▸ **Exercise goal**
Every line of the listing below should come back exactly as written, with no images.

== == ==

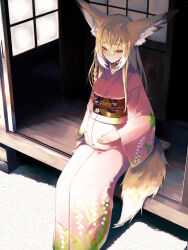 1girl animal_ears arknights black_sash blonde_hair closed_mouth fake_animal_ears floral_print floral_print_kimono fox_ears fox_girl fox_tail hair_between_eyes highres icemissile japanese_clothes kimono long_hair obi pink_kimono pregnant print_kimono sash scar scar_on_face sidelocks sitting smile solo tail vulpisfoglia_(arknights) yellow_eyes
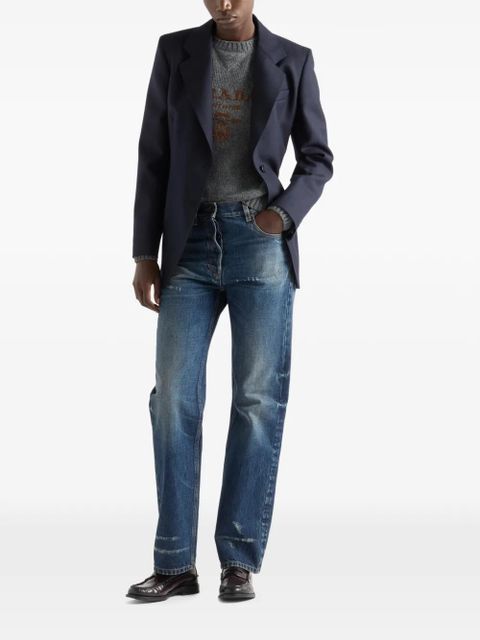 Prada intarsia-logo crew-neck sweater - Grey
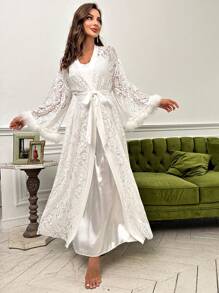 Contrast Lace Cami Dress & Robe PJ Set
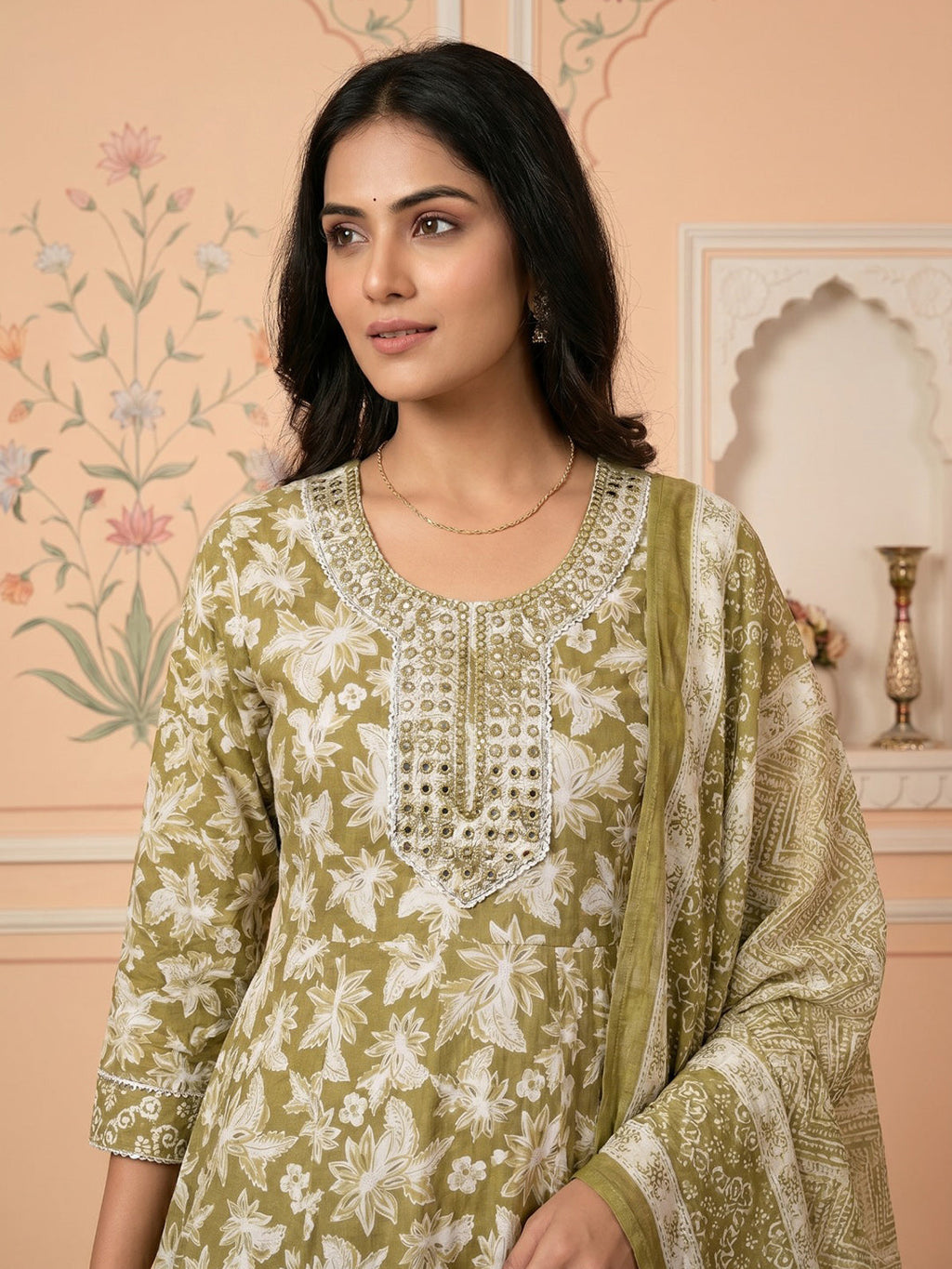 Mehndi Embroidered Cotton Blend Round Neck Suit Set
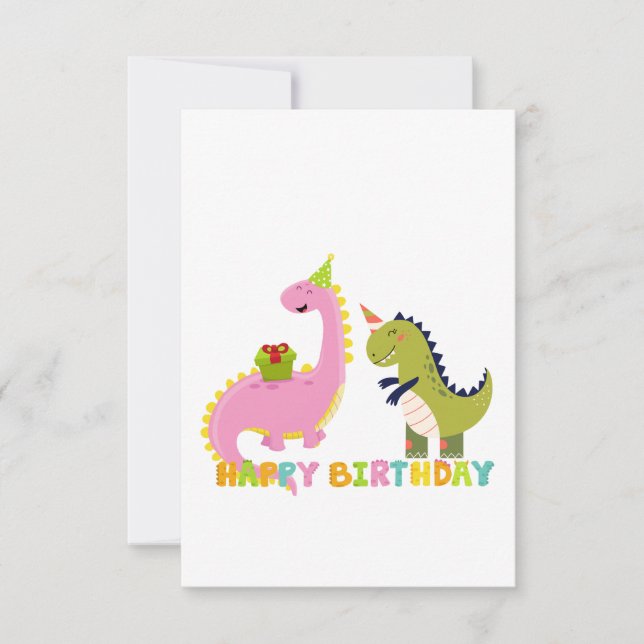 Tarjeta De Agradecimiento Feliz cumpleaños saurus (Anverso)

== == ==

▸ **Output for this exercise**
 1girl animal_ears arknights black_sash blonde_hair closed_mouth fake_animal_ears floral_print floral_print_kimono fox_ears fox_girl fox_tail hair_between_eyes highres icemissile japanese_clothes kimono long_hair obi pink_kimono pregnant print_kimono sash scar scar_on_face sidelocks sitting smile solo tail vulpisfoglia_(arknights) yellow_eyes
 Prada intarsia-logo crew-neck sweater - Grey
 Contrast Lace Cami Dress & Robe PJ Set
 Mehndi Embroidered Cotton Blend Round Neck Suit Set
 Tarjeta De Agradecimiento Feliz cumpleaños saurus (Anverso)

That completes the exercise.